Better Reporting on EmployeesPosted: October 28, 2019
Government “provides a tax deduction to the company that replaces a human with a robot, but offers nothing to the company that trains that worker to remain employable” – Senator Mark Warner, Virginia.
If you’re a CPA, you just cringed when you read that statement for two reasons. First, the statement is absolutely incorrect. The tax code not only allows for the deduction of the cost of training, but that cost is immediately deductible and is not required to be capitalized and recognized over a period of time like the cost of the robot. The second reason you cringed was because you realized this person’s lack of knowledge about how taxes really work is probably a good example of the majority of Congress. This is the very same Congress that is responsible for the tax law in the first place, but that is not the point of this blog.
The above quote was from an article in Harvard Business Review I recently read on “the problem of reporting employee costs as expenses instead of assets.” The writer of the article has the same misunderstanding of the difference between reporting on a cost and capitalizing something as an asset as Senator Warner has in understating how the tax code works. Simply put, slavery has been illegal in this country for over 150 years and I, for one, would like to keep it that way. That means I strongly believe employees should never be recognized as assets, but that does not mean that the goal of the article, better measurements and reporting of the most critical part of many businesses today, should not be improved.

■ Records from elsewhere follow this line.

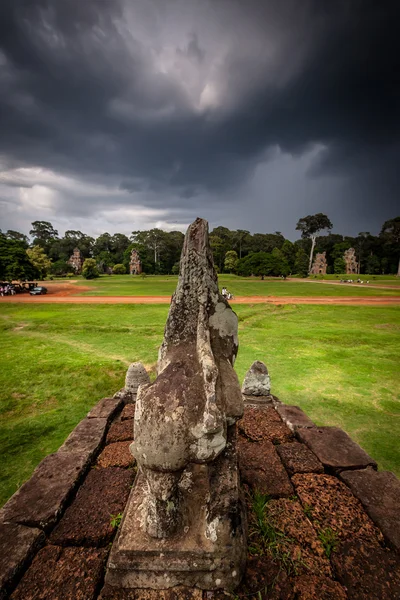 Gravure sur pierre de la ruine d'Angkor avec ciel orageux — Photo
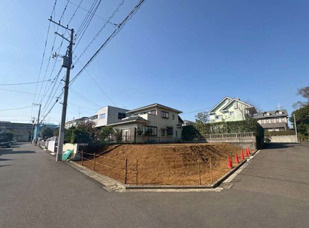 横浜市青葉区荏田西3丁目　売土地の前面道路含む現地写真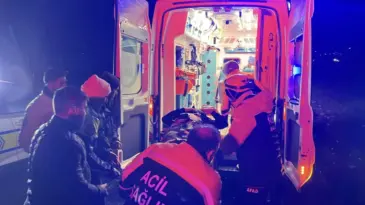 Baba ve oğlu çaya düşen otomobilde hayatını kaybetti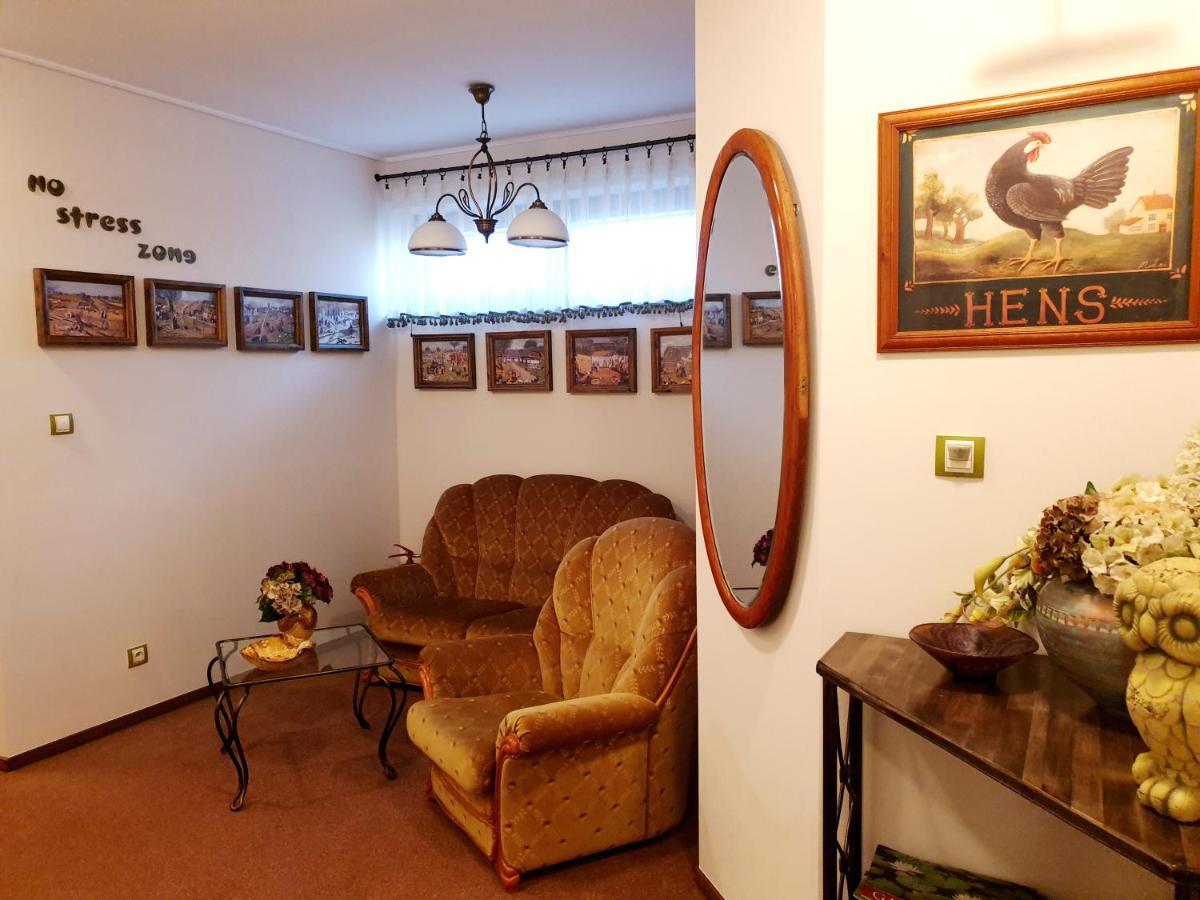 Penzion A Restauracia Toldi Galanta Luaran gambar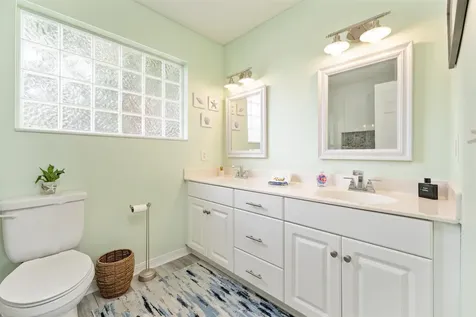 2500 Hydrangea Street St Augustine FL 32080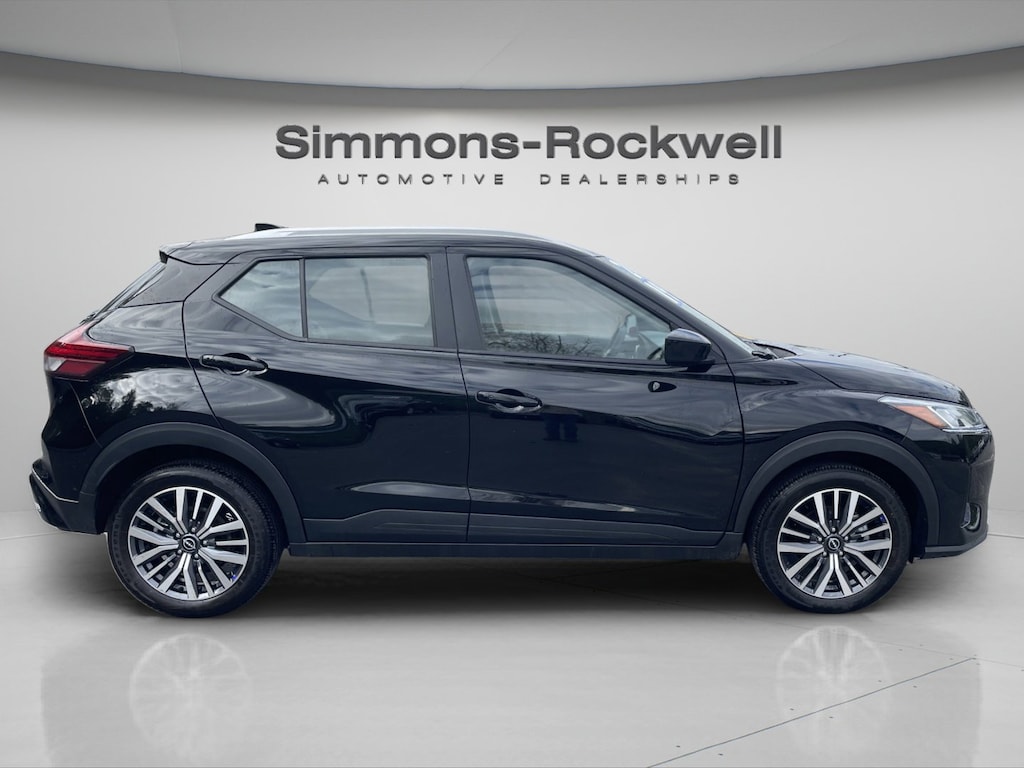 Used 2024 Nissan Kicks SV SV FWD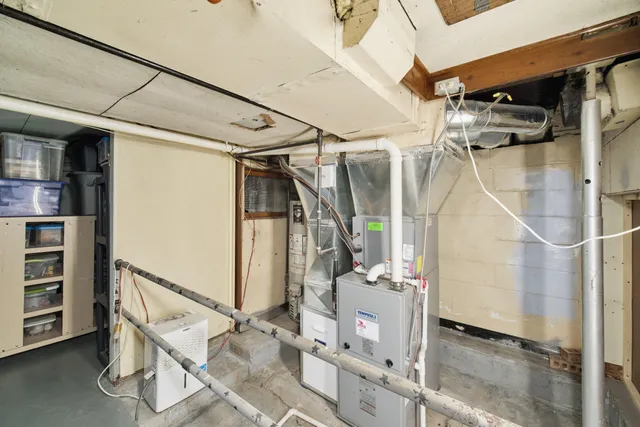 $210,000 | 115 Mc Kee Street, Manistee, MI 49660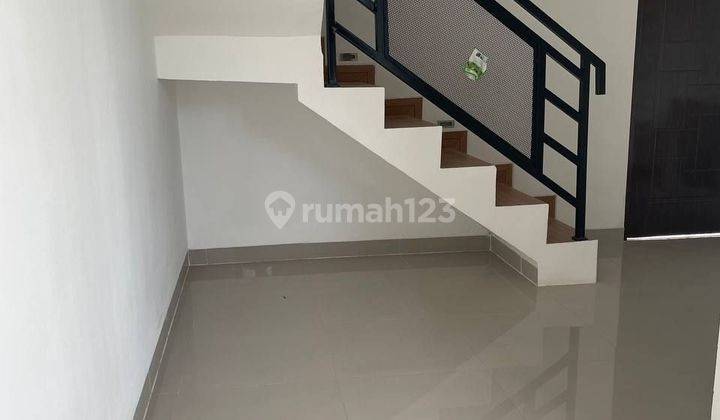 Dijual Rumah Minimalis modern di bintaro lokasi strategis  2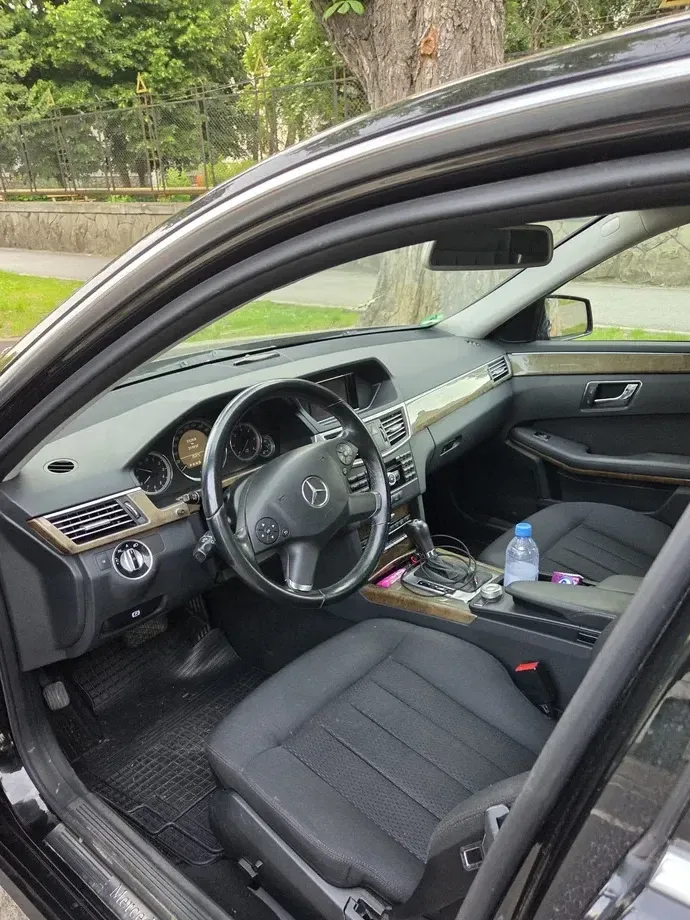 Mercedes-Benz E W212 220 CDI BlueEfficiency Aut. — imagine 5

The way to improve information on the employees is not to distort the meaning of an asset to capitalize costs. No, the way to improve information is to enhance the reporting on costs and other facts related to employees. I won’t go into all the studies about employee effects on the value of a business and business profitability. Instead, in the spirit of brevity, I will propose a few disclosures that could be combined into one simple chart. First, the disclosure should group employees based on the major employee responsibilities at the company, such as sales, customer care, retail (store) support, manufacturing, support staff (I would hate to say Finance probably goes here) and so forth. The 10% rule could be used for determining what groups need to be disclosed. Then for each group of employees, disclose the following:
- Total number at end of period
- Total compensation and benefits in period
- Total improvement costs, such as training in period
- # hired in period
- # involuntarily terminated in period
- # voluntarily leaving in period
- Turnover ratio during period
Then, just like we have a whole section in the MD&A to discuss liquidity, we should have a section to discuss employees, including the value they bring to the company and how the company is working to protect and increase that value.
So what kind of reporting on employees do you think should be made by businesses?